In my second novel Reportage, I decided to ramp up the sex a bit but run up against the dilemma about how graphic the sex should be. In Reportage two young reporters get it on - the staid and slightly pompous Charles and the vampish Penny, Anyone who has worked in newspapers will know they are hotbeds of sexual dysfunction, although my experience tends to suggest British newspapers are more salacious than those in the United States, perhaps due to the vast amount of alcohol we drank to dull the pain of long hours, low pay and constant deadline pressure.
On one newspaper, we expected editors to have affairs with secretaries but it was still a bit shocking to hear one of the admin girls boast about buying a butt plug for the managing director.

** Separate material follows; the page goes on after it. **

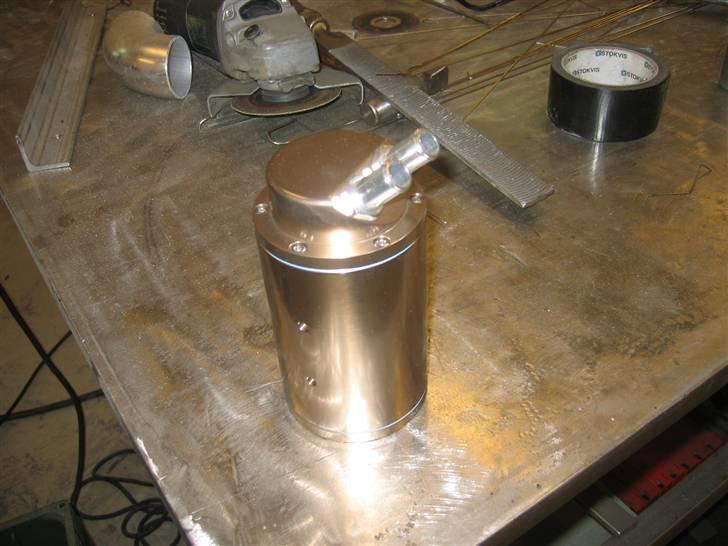 Aprilia Sr50 LC DD TS solgt  - vandbeholderen der kommer på billede 3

One editor even succeeded in getting himself fired by getting into a fight with a pimp over payment of a prostitute. Needless to say all of the players in these various tawdry scenes were married but I assume the recipient of the butt plug was the man who made the firing decision.
This brings me back to the issue that is occupying my mind about how graphic sex scenes should be before they become the equivalent of the narratives of the soft core porn magazines that were so in demand when I was a teenager. Let's just say we didn't pay much attention to the words.
Still some novelists have gone for the graphic. When I think visceral, I think JG Ballard. Personally I find the sort of terms a gynecologist might use to be a turn off in literature. Who wants to read about vulvas and scrotum?
On the other end of the spectrum there were those trashy bodice rippers with their flowery language that one's grandmother read back in the day. "He caressed her womanly curves" etc.
I turned to help to a website on 10 Amazingly Written Sex Scenes for some help. Some of these are rather raunchy and not appropriate for a blog without the adult filter on it. I was interested to see On Chesil Beach by the incomparable Ian McEwan on this list, not least because this novel is on my bed side table but I haven't got far into it. It's actually about a newly married couple who have sexual issues.
The novel builds up to a crescendo. Yes I deliberately avoided the word 'climax.'
"Had she pulled on the wrong thing? Had she gripped too tight? He gave out a wail, a complicated series of agonised, rising vowels, the sort of sound she had heard once in a comedy film when a waiter, weaving this way and that, appeared to be about to drop a pile of towering soup plates."
Clearly it doesn't get hotter than a pile of towering soup plates. And then there's DH Lawrence - the author who shocked polite society and whose novel Lady Chatterley's Lover was banned in the early 20th Century, but doesn't seem so risque now.
"With a queer obedience, she lay down on the blanket. Then she felt the soft, groping, helplessly desirous hand touching her body, feeling for her face. The hand stroked her face softly, softly, with infinite soothing and assurance, and at last there was the soft touch of a kiss on her cheek."
In the end I decided to just write it and go with the flow. Here's the prelude to naughtiness.
The conversation took an
unexpected turn when she started stroking his hand. “Let’s not have our first
matrimonial before we’ve even got to know each other. You do want to know me
better, don’t you?”
Matthews decided against reminding
her it was not their first matrimonial even though he had a reporter’s instinct
to correct. “Yes Penny,” he said hesitantly.
“God Charles. I really have pissed
you off haven’t I? I need to make it up to you. Let’s get out of this dive and
go for a ride.”
“It’s getting late.”
“Oh go to bed at 9 do you?”
Soon they were back in the BMW,
Matthews feeling a soft fuzziness from the wine he had drank to soak out
Penny’s performance. The high towers of the docklands, the gas holders and
gaunt cylinders flitted by. Finally Penny pulled hard right and they went
through a hole in the fence and into a rubble strewn yard behind a ghastly
concrete warehouse that was rotting away.
“God Penny. Where are you taking
me? This looks like a perfect place for a murder.”
“I know. Grim isn’t it?” she said,
barely concealing her elation. “Dad owned this place 20 years ago. It was a
slaughter house but he got out of the killing business. You were right.”
Matthews made out some crumbling
metal cattle pens and a vague sad image of the lumbering beasts going to their
deaths appeared in his mind. Matthews
had toyed with vegetarianism. Places like this were the reason why. He looked into Penny’s eyes, wide, possum-like and comprehending in the dark.
“I don’t like meat either. I urged
Daddy to drop that side of his business and he did. I wouldn’t mind yours,
though.”
He turned to her and she had
collapsed her seat. Her skirt had been pulled half way up her pale backside and
she was tugging on her panties.
“Come on Charles. When did you
last get some action with that zipper?”
“I do OK,” he said, realizing to
his chagrin it was probably at least a year.